After staying in the deflationary zone for seven straight months, the wholesale Price Index (WPI) turned to positive territory in November at 0.26%, as food prices picked up sharply during the month.

The WPI food inflation rose to a three-month high of 4.69% in November from 1.07% in October, driven by a surge in prices of key vegetables, mainly onions. The wholesale inflation rate in onions spiked to a 44-month high of 101.24% in November, which pushed vegetables inflation to a three-month high of 10.44%.

Vegetables had played a crucial role in pushing CPI inflation to a three-month high of 5.55% in November as well.

“The WPI-CPI gap has remained within 5.3-5.4% since the last three months due to a greater increase in CPI led by food. Food items continue to be a major obstacle which could see a rise in both WPI and CPI. However, as WPI always tends to rise faster than CPI, the increase in food could narrow the gap,” said Anitha Rangan, chief economist, Equirus Securities.

“Overall, the wholesale price inflation trajectory shows energy input and manufacturing costs remain broadly under control. This was also reflected in retail CPI inflation earlier this week, but the volatility in vegetable prices may continue to impact the headline CPI inflation in the near term,” Barclays economists said in a report.

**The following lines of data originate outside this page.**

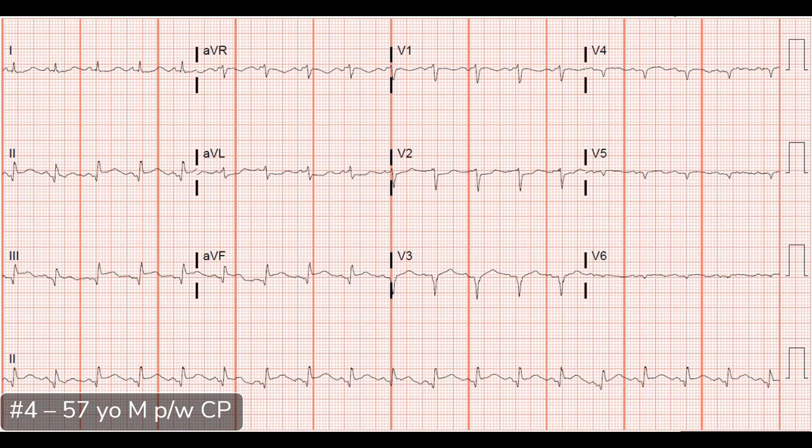Reciprocal changes really clinch the diagnosis, but that straightening of the ST segment — where you don't have the nice concave-up morphology, they look straight or horizontal — that morphology is pretty worrisome.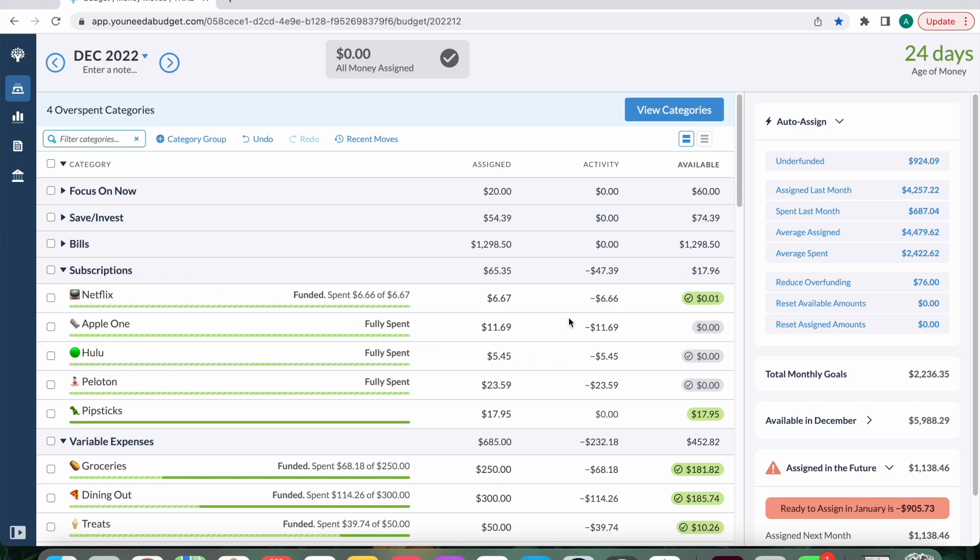Subscriptions. All of them have gone through, with the exception of Pipsticks. And I actually canceled it for this month. So there will not be a charge in December for my Pipsticks subscription.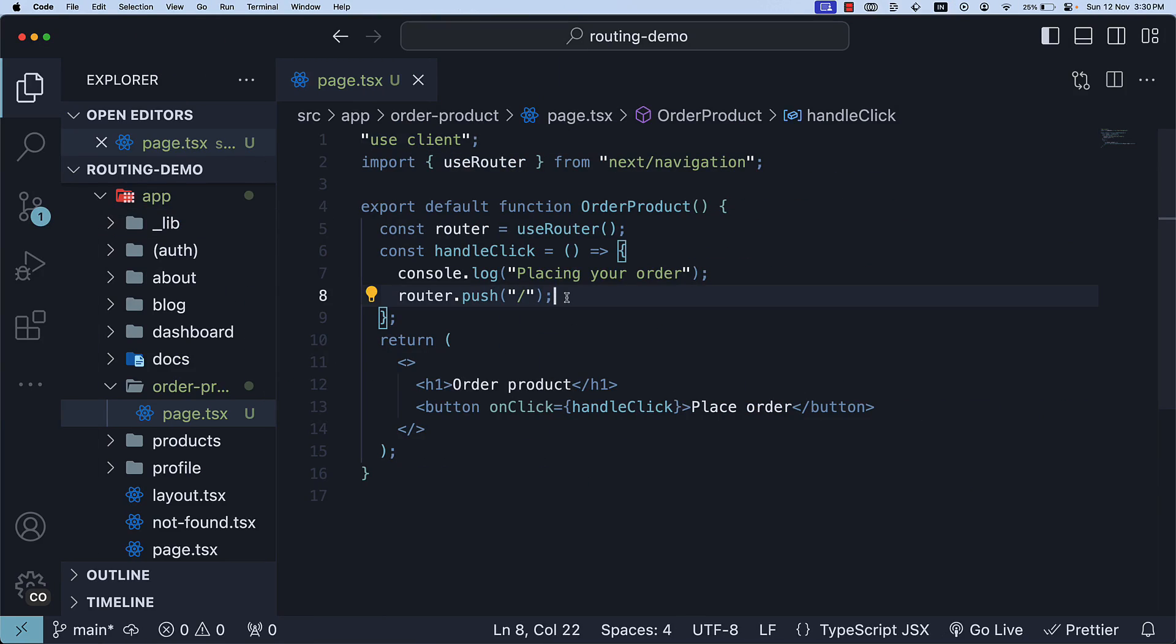Currently, we are passing forward slash as the argument to router.push, but you can use any valid route you have used in the href attribute of the link component so far. This means you can navigate to nested routes, dynamic routes, and even catch-all routes.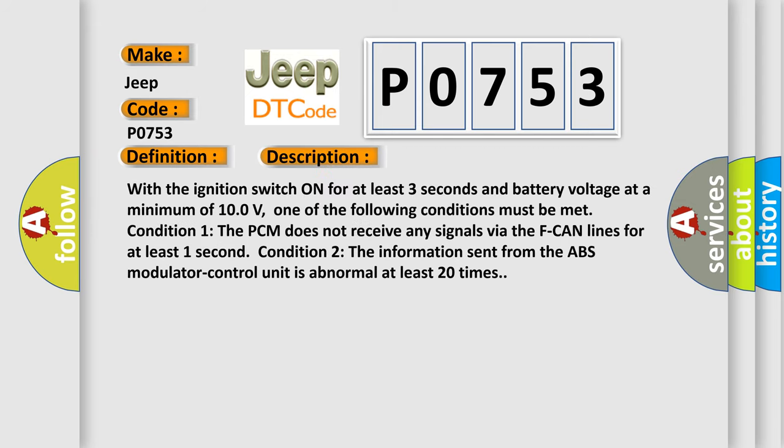With the ignition switch on for at least three seconds and battery voltage at a minimum of 10.0 volts, one of the following conditions must be met. Condition 1: The PCM does not receive any signals via the F-CAN lines for at least one second. Condition 2.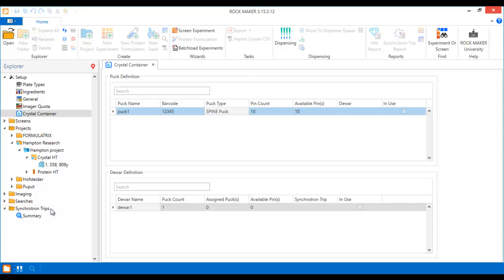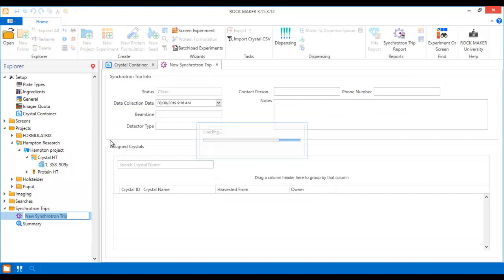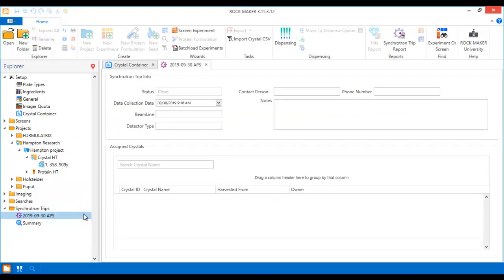To create a new synchrotron trip, right-click the Synchrotron Trips node and select New Synchrotron Trip. You can rename the new synchrotron trip with the name of the synchrotron facility your crystals will be sent to for easier identification.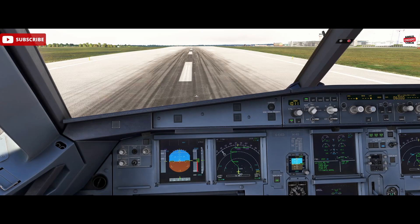Hello, Airbus cockpit coach here. Welcome to the channel. We're here in the Phoenix A320 inside Microsoft Flight Simulator and today we're going to have a look at the Airbus autobrake system. So what does the autobrake system do for us? The system has two main purposes. The first is to reduce the braking distance in case of an aborted takeoff, and the second is to establish and maintain a selected deceleration rate during landing, thereby improving passenger comfort and reducing crew workload. Those are the two main reasons we use the autobrake system.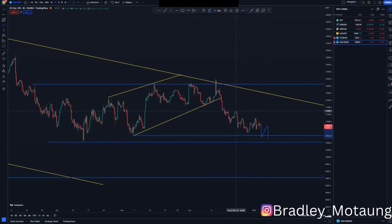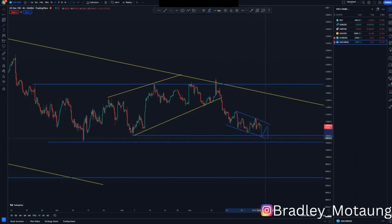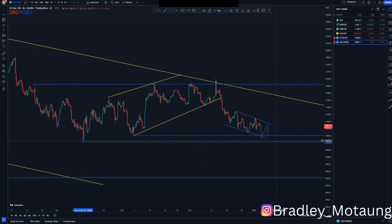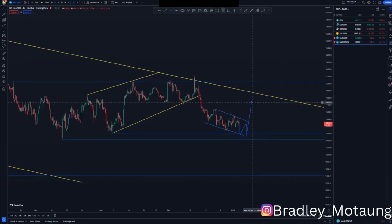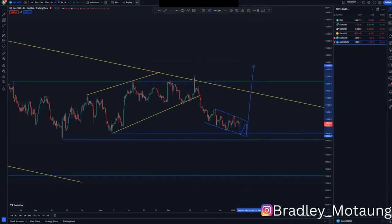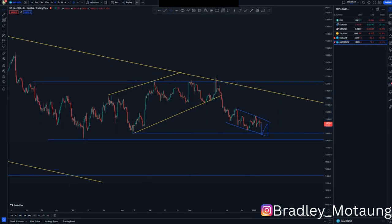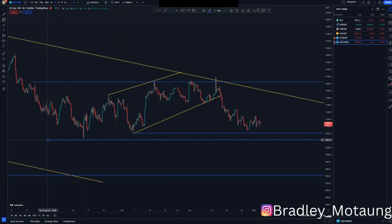Even though we haven't gotten a clear structure, we have a descending channel trying to form. This can clearly push back to the upside, giving us buying opportunities that will break structure and hit the overall 90% rule.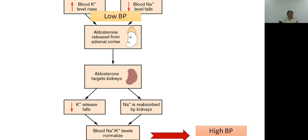This flow chart shows how aldosterone works. When potassium level is high or sodium level is low, or blood pressure is low, aldosterone is released from the adrenal cortex. It acts on the collecting ducts and tubules, causing sodium reabsorption and potassium secretion. This increases sodium in the blood and decreases potassium, normalizing levels and raising blood pressure back to normal.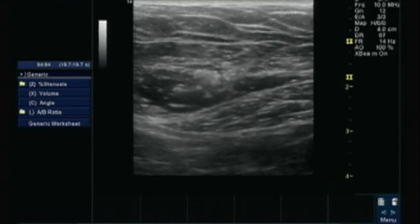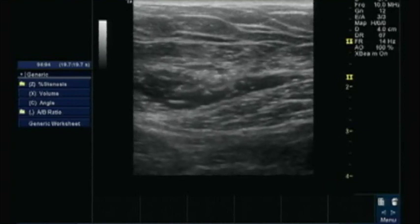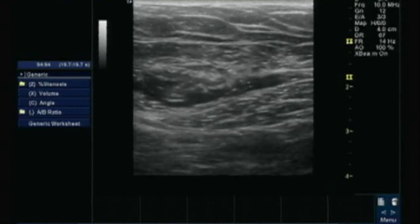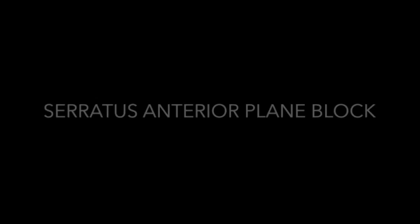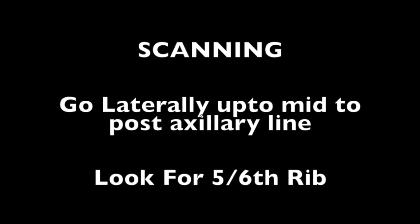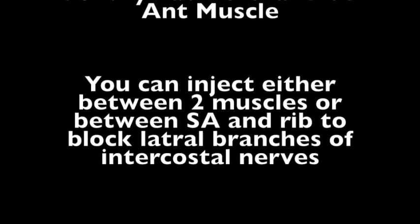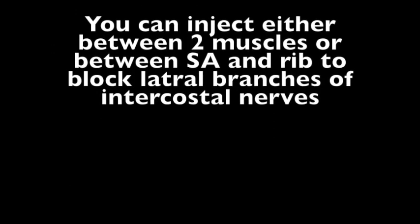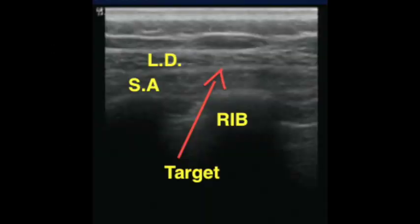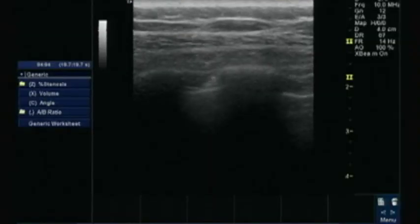This will provide excellent analgesia, but it is not sufficient for modified radical mastectomy. So I will supplement it with serratus anterior plane block. Serratus anterior plane block is a little posterior and it will block T2 to T9. For scanning, you have to go laterally, look for the fifth and sixth rib, and identify the latissimus dorsi and serratus anterior muscle. You can inject either between these two muscles or posterior to the serratus anterior.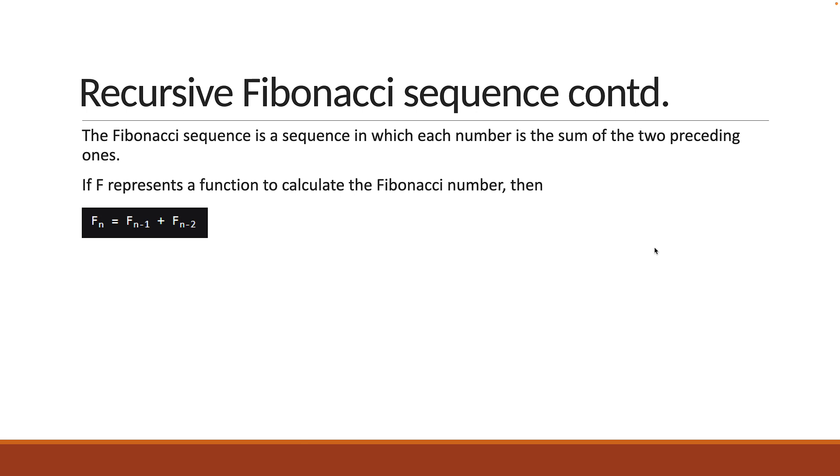Well, what is our base case? Well, F of 0 is equal to 0 and F of 1 is equal to 1. This is given in our problem statement.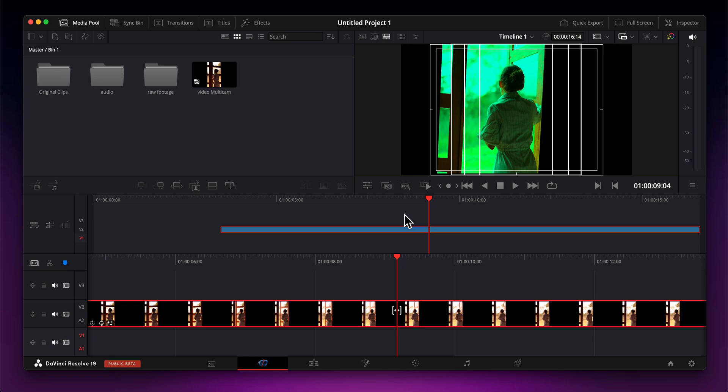So basically, this is how collaborative team editing works in DaVinci Resolve 19. I really hope you found this video helpful. Don't forget to like and subscribe. Thanks for watching.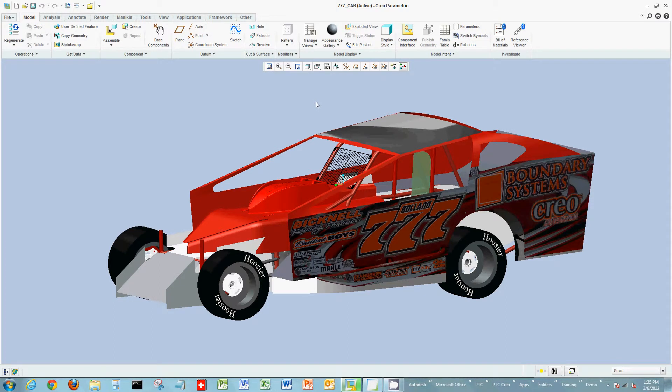Welcome everyone to another short video on Creo Parametric. In this video, we're going to look at how to find help within Creo. The first question would be: if you don't know where a command is in Creo, how do you find it?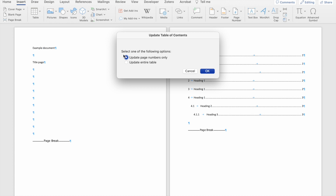Word is going to ask you whether you only want to update the page numbers, or whether you want to update the entire table. To be safe, I usually choose 'Update the entire table.' That means Word is going to take on any new changes to headings I might have made, but it'll also update the page numbers. Although I didn't change any of my heading titles, I still choose to update the entire table to be safe.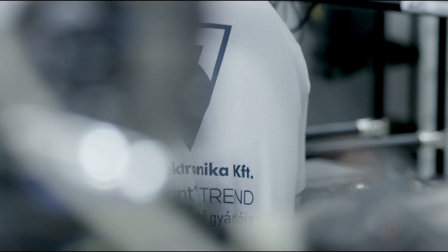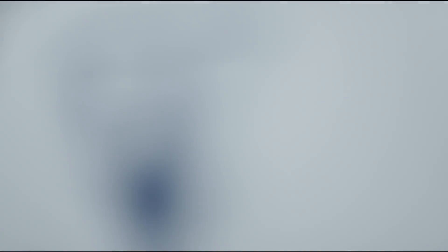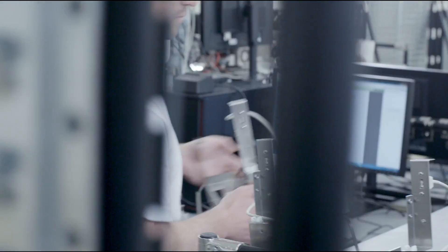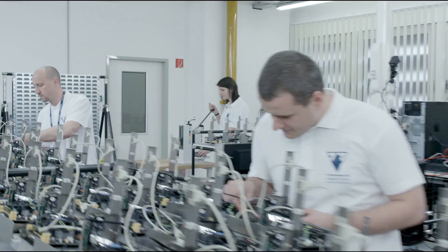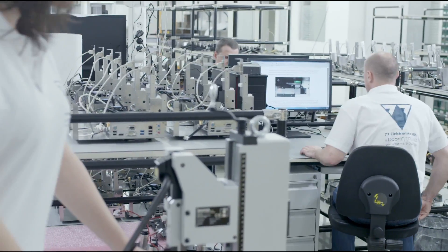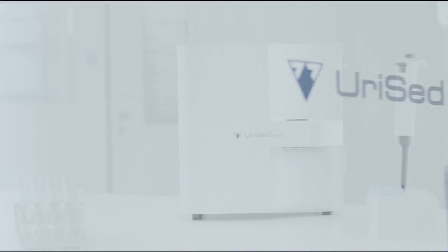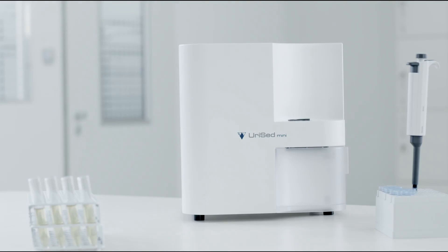URISED Mini is based on the patented URISED technology, which includes the measurement sequence, the cuvette as a consumable, and the auto-image evaluation module, just like in case of URISED.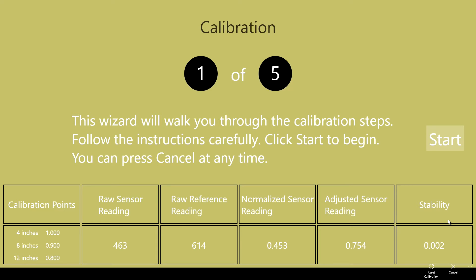The adjusted sensor reading is the value that has been scaled against the reference reading. This is the value we will use while calibrating and when computing and displaying the water level.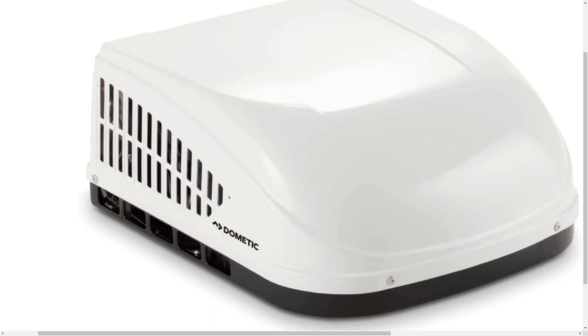You can get it in 13,500 BTU. You can also get it in a 15,000 BTU. My favorite is the 15,000 BTU with heat pump. That thing will really generate a lot of cold for you when it's really hot outside.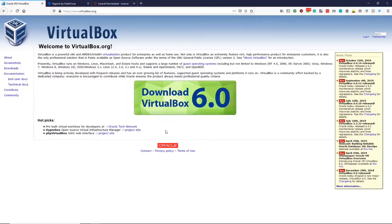In today's tutorial, we'll be learning how to install and use VirtualBox, Vagrant and Homestead.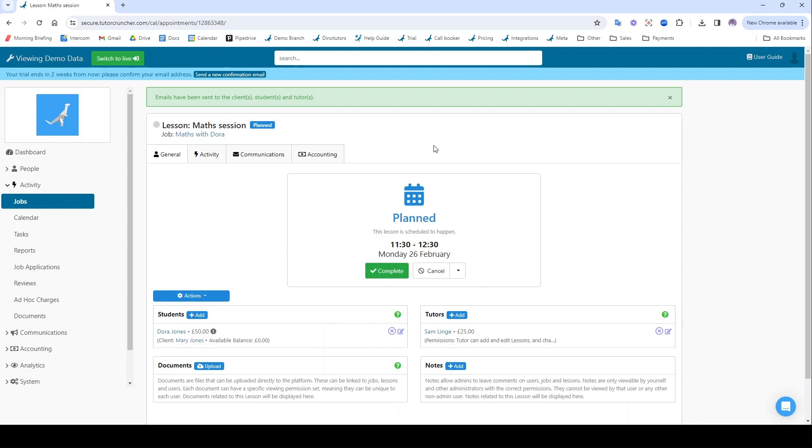And this is what a lesson page looks like. You can mark it as complete or cancel it, or if you want you can mark it as cancelled but still charge. I'm going to go back to the job now.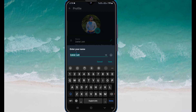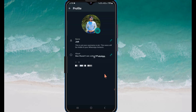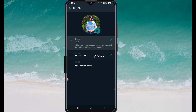After this, you can change the name. After changing it, click on the Save option. You can see the name is now changed.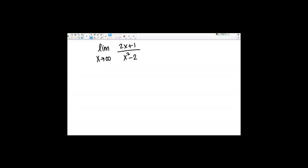Let's evaluate this limit together: the limit as x goes to infinity of 2x plus 1, all over x squared minus 2. What happens if I just think about taking the limit of the top and bottom as x goes to infinity? On the top I've got 2x plus 1. If I take the limit of that as x goes to infinity, I'm just going to get infinity because the numerator is going to get larger and larger as x gets larger and larger.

Among the three groups – the inflation rate of ‘primary articles’, consisting largely of food items, rose to 4.76% in November from 1.82% in October, while that of ‘fuel and power’ decreased to (-)4.61% from (-)2.47%. Inflation of ‘manufactured products’ increased to (-)0.64% in November from (-)1.13% a month back.

However, on a sequential basis, the indices of all the three groups were higher during November – with ‘primary articles’ recording a 1.3% rise month-on-month, the sharpest in 4 months. The indices of ‘fuel and light’ and ‘manufactured products’ were up 0.8% and 0.1%, respectively, month-on-month.

Apart from vegetables, sequential upticks in prices were seen in cereals, pulses, fruits and milk in November.

Fuel and power’s index rose month-on-month, driven entirely by higher electricity prices, partly offset by declines in petroleum products, and flat coal prices.

The inflation of ‘manufactured products’, which accounts for 64% of the WPI basket, remained negative for the ninth straight month in November. This is perhaps a consequence of lacklustre global demand for industrial metals, which is driving manufactured prices lower.

“That said, while manufacturing remains in a deflationary trend, the positive takeaway is that the intensity of price decline has been coming down. As industrial activity continues to recover, we will see manufacturers get back pricing power which will help improve their profitability going forward,” said Mohit Ralhan, CEO, TIW Capital.

In the coming months, the rising domestic food prices as well and an unfavourable base may push WPI inflation above 1.5% in December, say experts.

“Nevertheless, the headline print is unlikely to increase substantially thereafter, amid expectations of commodity prices remaining benign; we expect the WPI inflation to print at 1.5-2.0% in the remainder of FY24,” said Aditi Nayar, chief economist, ICRA.